Common knowledge in the 1880’s was to avoid the hemlock tree.
Lumberjacks thought this slow-growing, long-lived evergreen that lent elegance to the landscape brought blood-sucking bugs to your bed. It was believed by woodsmen the conifer gave shelter to bedbugs during some part of their life cycle. When looking for a tree to lean against or sleep under any man with common sense avoided the hemlock.
Lumbermen working in Michigan’s forests walked back to their base camp at the end of each day where bunkhouses sheltered from thirty to a hundred ‘jacks each night. The men slept fully dressed on wooden boards padded with twigs. They covered themselves with horse blankets. The long, low, log buildings were overcrowded, overheated and smokey. The air smelled of sweat and dirty socks.

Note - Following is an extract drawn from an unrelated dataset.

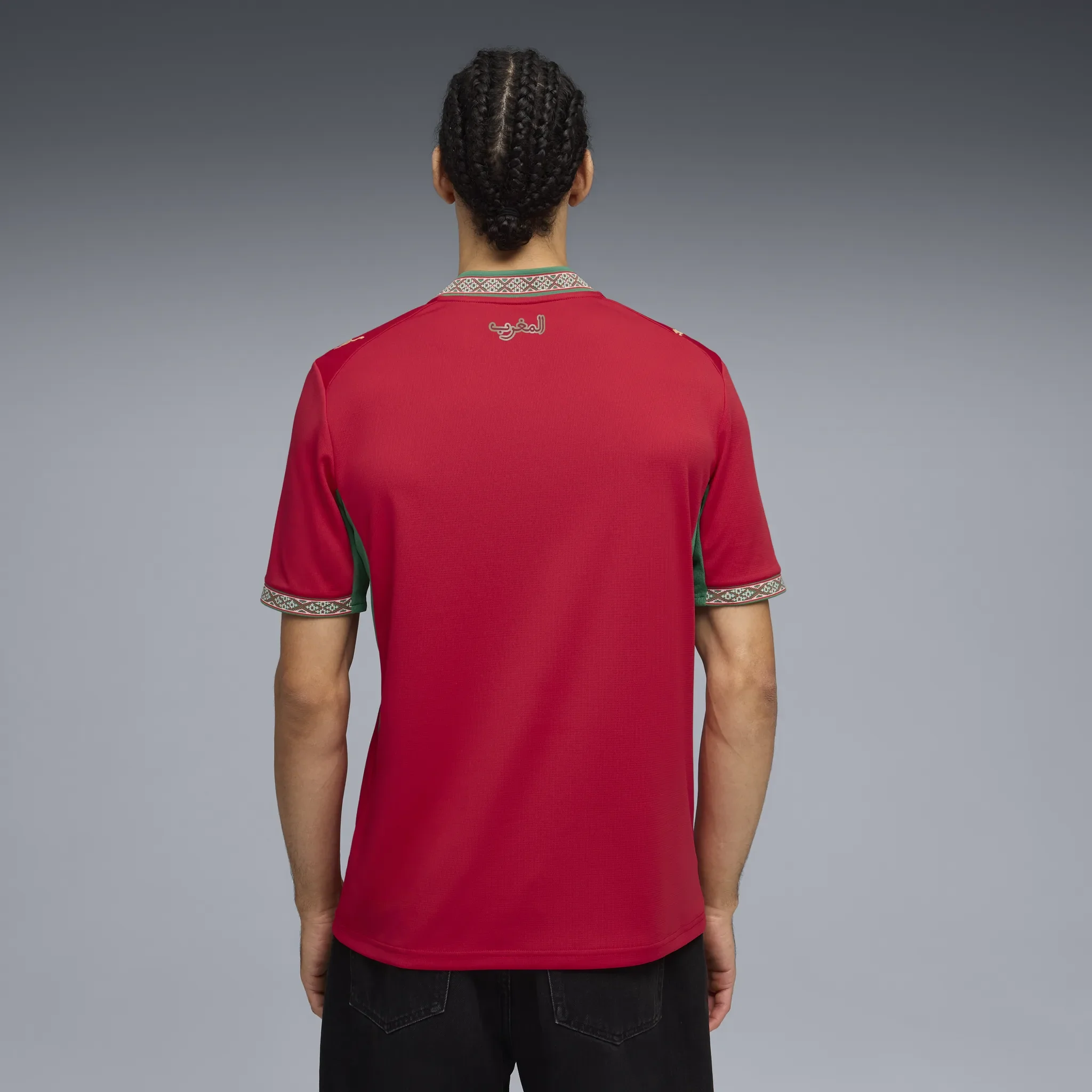 Puma Maroc FRMF maillot de soccer domicile 2026/27 - Image 6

Men with head lice from sleeping in hay lofts or bedbugs from leaning on hemlocks brought the plague to their fellow bunkers. Men in the timber woods had to be resourceful. Their solutions for destroying the vermin were often creative. Some even worked.
One fix was to seal all openings, windows, doors and cracks between the logs. Then the men would run a steam hose from a locomotive and fill the building with hot, wet air. The solution worked as long as a steam engine was available, and it worked until the next infestation arrived to feed on the sleeping woodsmen.

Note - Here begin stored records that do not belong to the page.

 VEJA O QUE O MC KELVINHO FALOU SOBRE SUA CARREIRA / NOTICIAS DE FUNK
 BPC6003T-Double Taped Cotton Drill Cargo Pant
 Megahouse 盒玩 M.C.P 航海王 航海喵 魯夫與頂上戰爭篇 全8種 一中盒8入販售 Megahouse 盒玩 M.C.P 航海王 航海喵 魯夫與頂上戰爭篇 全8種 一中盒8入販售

When a ‘jack noticed the quarter-inch bugs walking around coal oil spilled on the floor planks early one morning, his observation led to a plan to keep bugs out of beds and off chairs and tables. He had the men stand their furniture legs in empty Copenhagen cans filled with coal oil. The bugs that ventured up the cans died when they dropped into the acrid-smelling oil.
The bugs modified their maneuver. The creatures crawled up the walls, crept across the ceiling and dropped down on the sleeping ‘jacks.
The logmen reshaped their defense and stretched large white sheets over their beds suspended from the ceiling on strings. Around the edge of the sheet the resourceful men poured strips of sticky molasses. Early the next morning the bedbugs dropped on the white sheets instead of the men.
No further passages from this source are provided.